Meredith, unsurprisingly, is the one who works up the courage to segue into the Conversation first.
“Lexi, I’m worried about you.”
Something in my heart droops, and I feel myself further wilting toward the ground, but I manage to put on a happy face, pasting an expression of disbelief over my features. “Why’s that?” I ask as chirpily as I can manage.
She shoots me an unconvinced look. “Jasper leaving. Look, I know we’re not as close now as we once were, but with River being gone and Jasper being out of the picture, I think it would be really nice if the two of us can at least try to be friends again, like old times. Heaven knows I’ll need it, after isolating myself from all my other friends these past few years to suck up all my free time with River, and I think you’ll need it too since Jasper is just about the only friend you have.”
Her words should probably sting, but she’s just speaking the truth. That’s the Meredith Billingsley way—never beating around the bush, always getting straight to the point.
“What’s going on with you and River anyway?” I find myself asking.

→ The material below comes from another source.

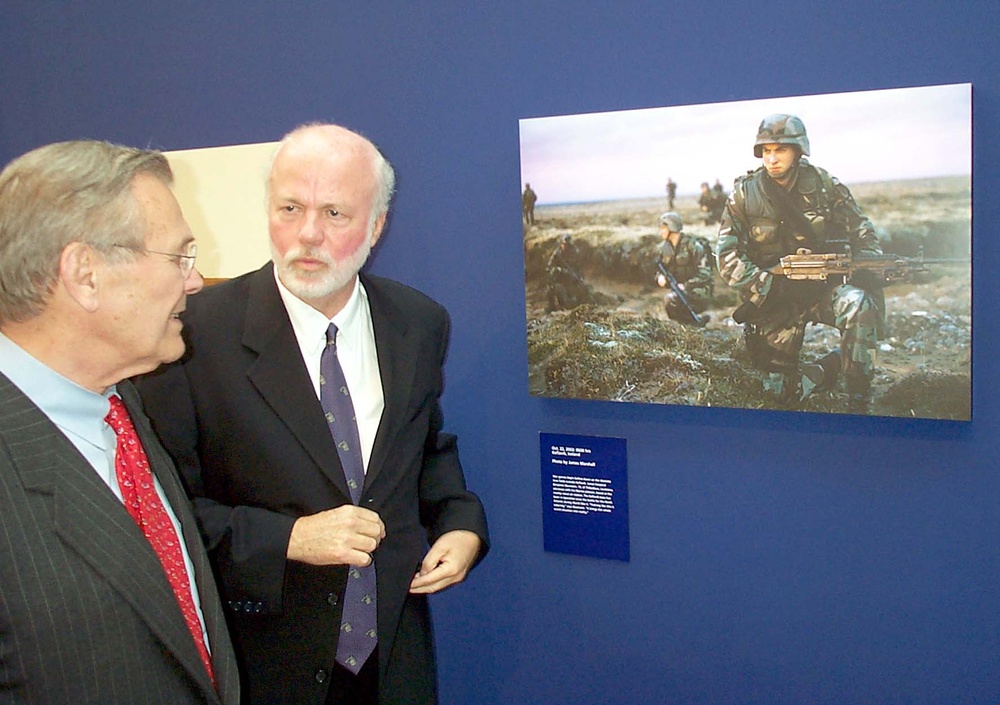 Kennerly Escorts Rumsfeld Through Military Photography Exhibit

She heaves a sigh, rubbing her temples. “I think we’re soon going to be on the outs,” she says. “I wanted this to work, I really did, but the truth of the matter is that we have no idea what life is like apart from each other, and now that he’s going to college and I’ll still be here, trying to make this work just doesn’t make sense, you know? He wants his freedom, and I’m still trying to figure out what I even want out of life. And I think that needs to be a choice that I make on my own, without his influence.”
“I think that’s a really wise decision,” I tell her genuinely.
“Yeah,” she breathes. “I guess so.”
She takes another hungry bite out of her sandwich and I sip on my cappuccino, and it’s strange to think that less than four years ago, we were the best of friends, and now we hardly know what to say to each other. Time has a funny way of either strengthening or weakening relationships; rarely do they remain stagnant. I guess we decide which way it goes based on our intentionality. We’re intentional about the things we care about, and we don’t mind letting go of the things we don’t.
I watch as Cass, the owner of Europa, comes around to each table to light the little tealights placed inside of various colored glass jars. When she gets to our table, she stops and smiles at us. “Would you look at this,” she muses. “Our girl Lexi is hanging out with someone other than Jasper Reynolds. Nice to meet you, dear.” There’s a warm twinkle in her eye as she acknowledges Meredith, and I can’t help thinking that maybe the world isn’t such an awful place if people like Cass are in it.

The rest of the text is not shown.